You begin the day with great expectation. Freshly laundered and ironed trouser, fresh new shirt, crisp handkerchief, socks, all co-ordinated, all pervading a newness that exhilarates me after a hiatus of two days. Yesterday was the bandh (everything closed) and the day before was a Sunday. So I had two days to catch up on a lot of writing. Got some new insights which I have incorporated into the work-in-progress novel "Mr. Bandookwala, M.B.A., Harvard."

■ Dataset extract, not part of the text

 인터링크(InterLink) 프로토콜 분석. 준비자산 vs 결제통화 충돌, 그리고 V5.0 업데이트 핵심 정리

But a suburban train ride and two hours have passed. Those two hours changed everything. I am feeling as disoriented and as crumpled as a discarded tissue. The train was crowded and I was standing on my toes all along, beside people all wet, trying not to be stepped on the toes. My shoes are patent leather and I don't like them being stepped on, "Don't step on my blue suede shoes," so Elvis crooned in "Blue Suede Shoes." Ah, something similar.
Then at V.T. there's a vile and unrepentant rain falling. There's a sea emptying, and a sea of people being soaked to their bones, a huddle of wet bodies sullenly making their way to work. The Azad Maidan is flooded and a wary crowd wades through the water. I take a long cut, a detour via the VSNL telecom tower, then down Fashion Street to Bombay Gymnasium to New Marine Lines. The water's pouring down my umbrella, my starched trousers are soaked, the creases gone, my patent leather shoe is full of water, my shirt is wet and clings to my skin, and the bag with my lunch is also soaked. I am wet and in a dither which feeling stays through the day.
A sad twist to a promising day, the first of the really malicious storm that descends every year. But this monsoon too I have resolved to take nature and rain in my strides. That sounds brave.